D.MTT viability examinations
Cultivate after administration 24 hours, 48 hours, after 72 hours, the MTT of 10 μ l 5mg/ml is added per hole, after by 96 orifice plates In being positioned over incubator, take out after continuing to cultivate 4 hours, the careful supernatant drawn per hole adds the diformazan of 100 μ l per hole Base sulfoxide (DMSO) solution, places and be incubated in incubator after 10min, and concussion 40s or so is completely dissolved first a ceremonial jade-ladle, used in libation crystal.
E. survey absorbance and calculate IC50Value
96 orifice plates are placed in microplate reader, Detection wavelength is the light absorption value at 570nm and 630nm.With per 3~4 multiple holes The mean value calculation of absorbance its relative inhibition.According to suppression ratio, by software " Dose-Effect Analysis WithMicrocomputers " calculates half effective inhibition concentration (IC50).Every group of sample will do 3 parallel laboratory tests.
F.570nm reading, calculates cell survival rate, and according to result IC is calculated50, obtain table 1 below
The structural formula of compound of table 1 and activity data are following (μM)

Claims (7)

1. a kind of Dasatinib derivant with anti-tumor activity, it is characterised in that:Its structure such as formula (I), formula (II) or Shown in formula (III):
Wherein:R is monosubstituted, two replacements or three replacements;R independences selected from halogen, nitro, methoxyl group, cyano group, methyl or three One or more in methyl fluoride;Y is heterocyclic radical.
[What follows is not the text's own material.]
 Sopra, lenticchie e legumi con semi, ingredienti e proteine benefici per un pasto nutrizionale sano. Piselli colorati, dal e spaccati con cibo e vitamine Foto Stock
2. Dasatinib derivant as claimed in claim 1, it is characterised in that heterocyclic radical is unsubstituted or mono-substituted contain In oxa- ring group or nitrogen heterocycle any one.
3. Dasatinib derivant as claimed in claim 2, it is characterised in that unsubstituted or mono-substituted oxygen-containing heterocycle Either nitrogen heterocycle is five-ring heterocycles, hexa-member heterocycle, benzo five-membered heterocycle or benzo hexa-member heterocycle.
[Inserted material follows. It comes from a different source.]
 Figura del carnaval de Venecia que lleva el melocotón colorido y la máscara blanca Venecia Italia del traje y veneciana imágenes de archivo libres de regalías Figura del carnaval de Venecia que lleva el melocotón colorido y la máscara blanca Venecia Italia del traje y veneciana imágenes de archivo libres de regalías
4. Dasatinib derivant as claimed in claim 1 or 2, it is characterised in that heterocyclic radical is unsubstituted or monosubstituted Piperidyl, morpholinyl, indyl, imidazole radicals, pyrazolyl, piperazinyl or pyrrole radicals;When monosubstituted, the choosing of substituent group independence From methyl or ethoxy.
5. a kind of Dasatinib derivant with anti-tumor activity as described in one of claim 1-4 is used as tyrosine kinase Inhibitor, prepare treatment, prevention, alleviate tumor antitumor drug in application.
6. application as claimed in claim 5, it is characterised in that the antitumor drug is treatment, prevention or palliating leukemia, The medicine of colon cancer, pulmonary carcinoma, breast carcinoma, cervical cancer or hepatocarcinoma.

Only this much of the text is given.